Thank you for reading to the end, hopefully it you found it interesting and illuminating. I would also like to thank Kevin Mullis for his input to this post. Do give him a follow on LinkedIN, something interesting or useful will appear your feed.

End Notes

*or vice versa if we’re taking away more heat than being put into the system.

**Sometimes natural convection and a large condenser surface area will create over-condensing even with the fans off. In some installations, you might find condensers with two circuits, and with one circuit isolated during winter, or, for condensing units a high tolerance part is machined to fit a portion of the condenser (cough, a piece of cardboard box).

The over-condensing caused by natural convection phenomenon can affect any system that effectively has a wide capacity range, and a wide environmental ambient profile to operate it. An example may be blast freezing or chilling, where the blast duties are potentially an order of magnitude or two above that of “hold” operation, where chilled/frozen product is kept at temperature until unloaded from the freezer

***Shaft power is the power to turn the shaft.
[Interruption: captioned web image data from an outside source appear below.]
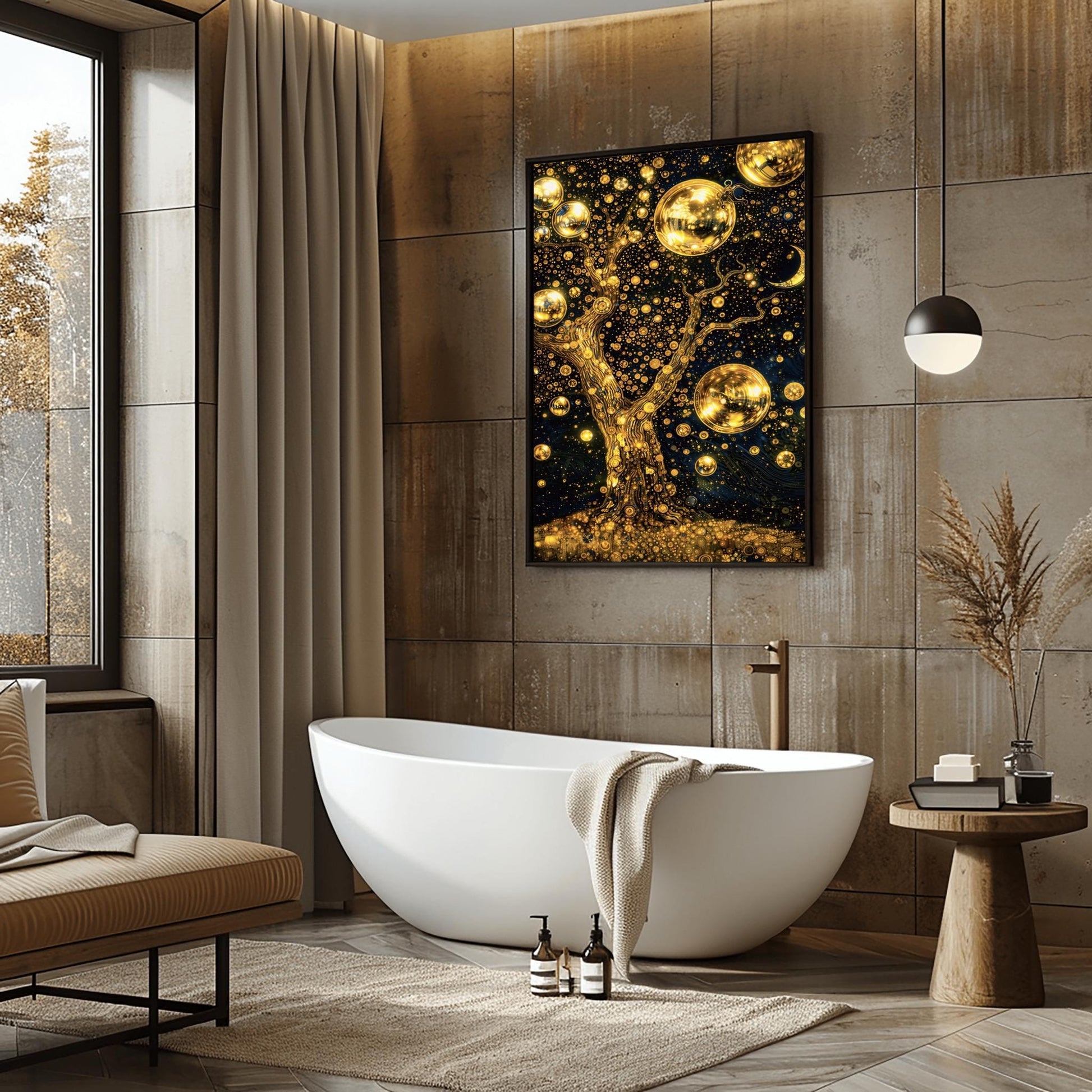 Gustav Klimt Inspired Celestial Tree Art ‚Äì Golden Night Sky Print (view 3)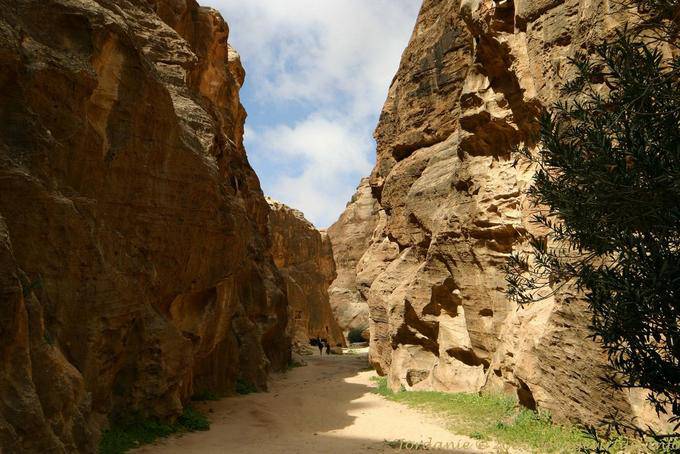 Zwischen den steilen Wänden des Siq, Al Beidha, Little Petra - Jordanien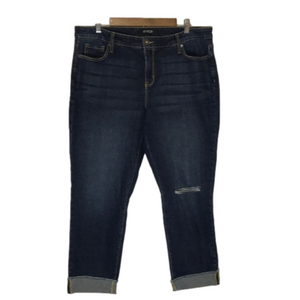 Boyfriend Distressed Roll Cuffed Jeans Size 17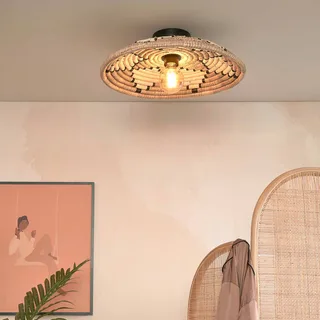 plafondlamp Andros, naturel/wit, Ø 45 cm van Good&Mojo in Natuurkleurig, Wit – productfoto 2 van 5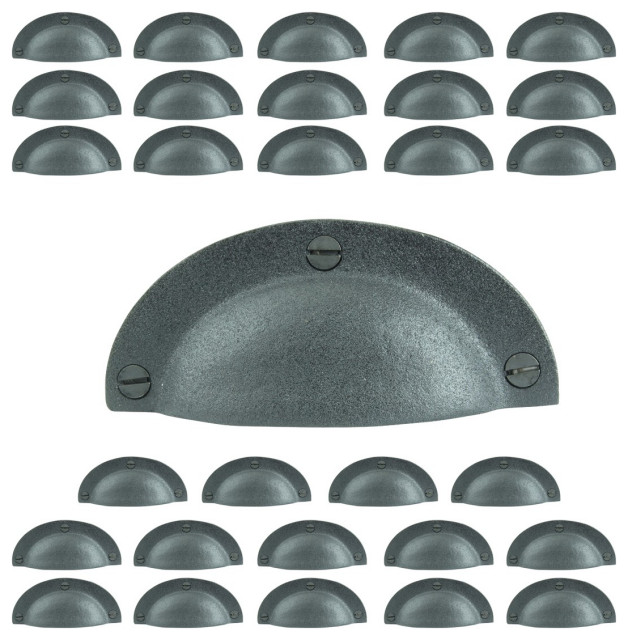 Drawer Bin Pull Black Iron Cup 4" W x 1 3/4" H Pack of 30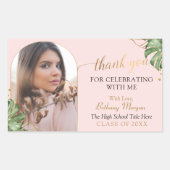 トロピカルピンク金ゴールドアーチ写真卒業 長方形シール (正面)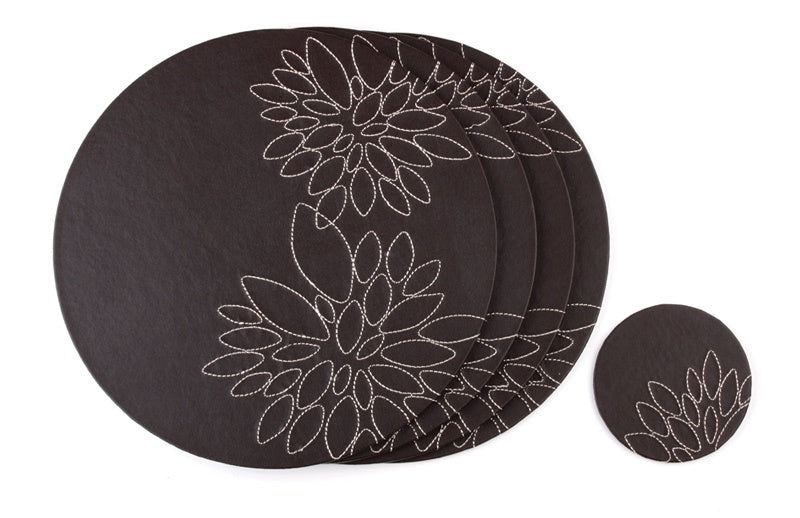 Round Floral Faux Leather Coaster 4 Pk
The motor imparts this power to the shaft, but there will be losses in the motor and controls. The actual energy input to the motor and controls will always be greater than that consumed at the shaft.

****Certain fan speed control may create noise issues at certain fan speeds, and poorly commissioned systems can create their own noise issues. But in the main, and certainly with EC fans, variable speed is lower noise than their fixed speed counterparts.